Kalau anda perhatikan, ada pendeta yang menggunakan terlalu banyak waktu untuk melayani orang orang lain. Dia sibuk membereskan persoalan, mendamaikan seorang dengan yang lain, mengurus perselisihan keluarga yang sulit, dan menghadapi 1001 soal lainnya. Akhirnya ia sendiri menjadi frustasi. Sebagai orang yang dipanggil untuk pekerjaan Tuhan yang mulia itu, rasul Paulus juga bukan selalu berjalan pada jalan yang mulus, sering kali ia mengalami bahaya, ancaman yang cukup membahayakan. Namun apa yang dikatakan oleh Paulus "Dalam segala hal kami ditindas, namun tidak terjepit, kami habis akal namun tidak putus asa II Korintus 4:8 Rasul Paulus tidak pernah putus asa terhadap segala persoalannya., karena ia tahu, yang dia layani adalah Tuhan yang hidup, yang sanggup menolongnya jika Ia menghendaki itu terjadi.

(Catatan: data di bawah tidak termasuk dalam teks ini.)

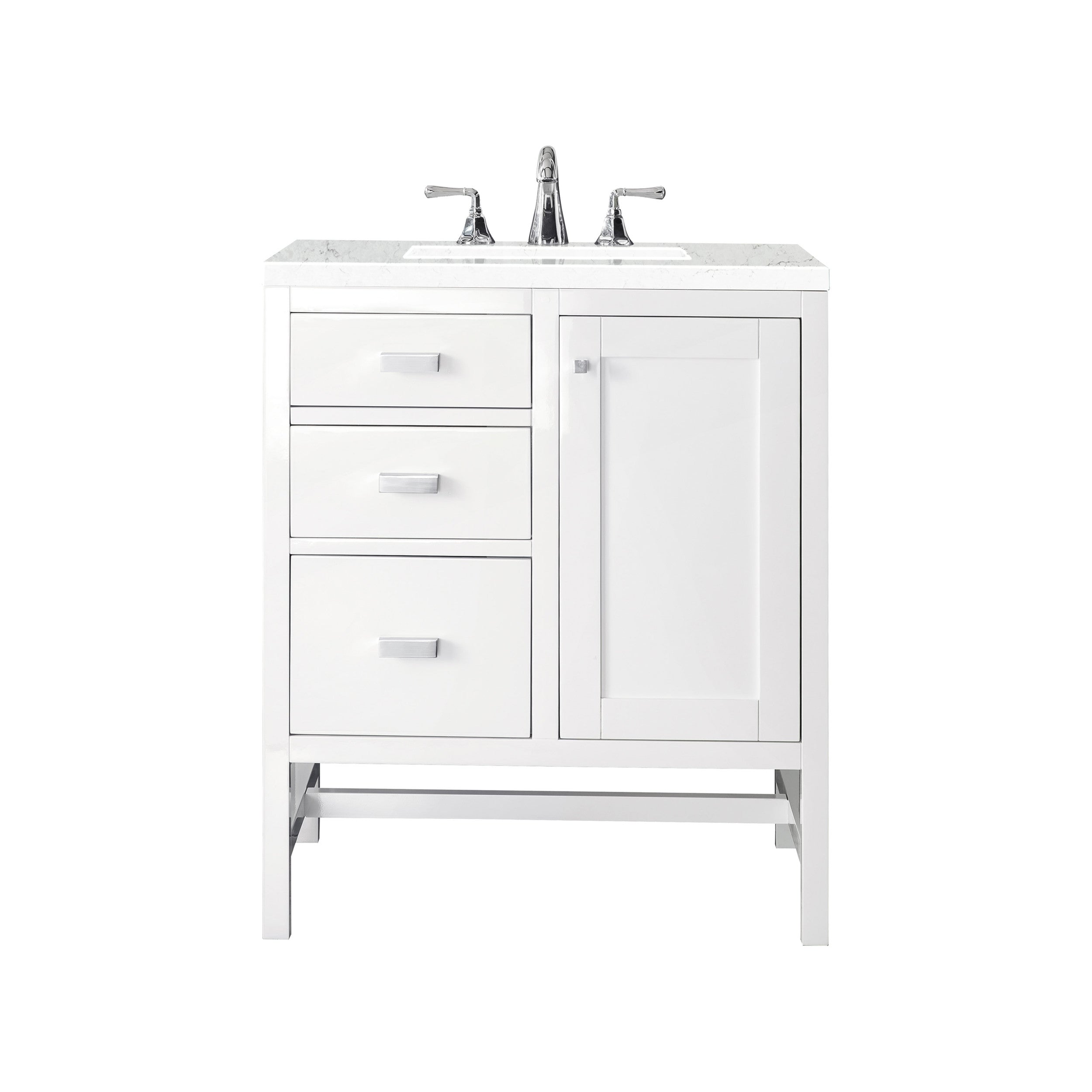 Glossy White / Eternal Jasmine Pearl - 3 Faucet Holes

Memang tidak gampang menjalani panggilan Tuhan ini, seperti apa yang dialami Nabi Elia, ada saatnya beliau gagah perkasa namun ada saat-saat ia putus asa tak berdaya, bahkan ia minta Tuhan Allah mengambil nyawanya (lihat 1 Raja-raja 19 :4). Para pendeta yang sudah lama melayani di dalam sebuah ladang sebenarnya perlu waktu untuk istirahat sebentar, untuk memperbaharui semangat yang baru. Ada sekolah teologi yang boleh menerima alumninya untuk kembali melanjutkan sekolah. Kemarin saya mendengar bahwa ada salah satu perusahaan Komputer di Amerika yang memberlakukan tahun sabatikal bagi pegawainya yang sudah bekerja di atas delapan tahun. Jadi pegawai tersebut berhak menngambil waktu seperti cuti, namun honornya tetap berjalan selama kurang lebih tiga bulan., Saya pikir kebijaksaaan ini cukup baik, untuk mencegah agar pegawainya tidak bosan dalam pekerjaan ini, dan ia bisa pergi mencari angin segar sebentar.

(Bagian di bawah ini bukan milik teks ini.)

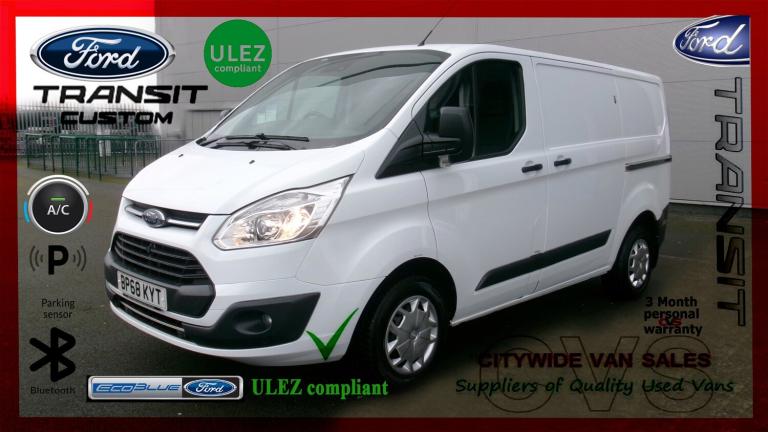 2019 Ford Transit Custom 2.0 TDCi 105ps Low Roof Trend Van PANEL VAN Diesel Manual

Ada beberapa gereja yang juga memberlakukan tahun sabatikal buat pendetanya, jadi pada tahun ke delapan selama satu tahun, pendeta tersebut diberikan kebebasan penuh istirahat. Jadi dalam waktu setahun tersebut, sang pendeta boleh masuk ke kampus untuk refresing kembali dengan beberapa mata kuliah. Atau mereka boleh membantu pelayanan di gereja yang lain di luar negeri misalnya, supaya ada suasana baru. Namun ada baiknya janganlah waktu tersebut dipakai terlalu padat, sebab percuma, tujuannya supaya istirahat, malah bertambah beban yang berat. Saya tidak tahu apakah gereja anda sudah terpikirkan akan hal ini atau belum? Kalau perusahaan sekuler saja tahu akan sabatikal tersebut, mengapa gereja tidak ada hal itu? Jangan sampai semangat, tenaga, dan pikiran terkuras habis, karena pendeta anda menjalani rutinitas pelayanan di gereja. Pendeta memerlukan retreat, yang artinya ada jangka waktu baginya untuk tenangkan diri dan memperbaharui semangatnya kembali. Dengan demikian ia tidak akan mengalami Burn Out.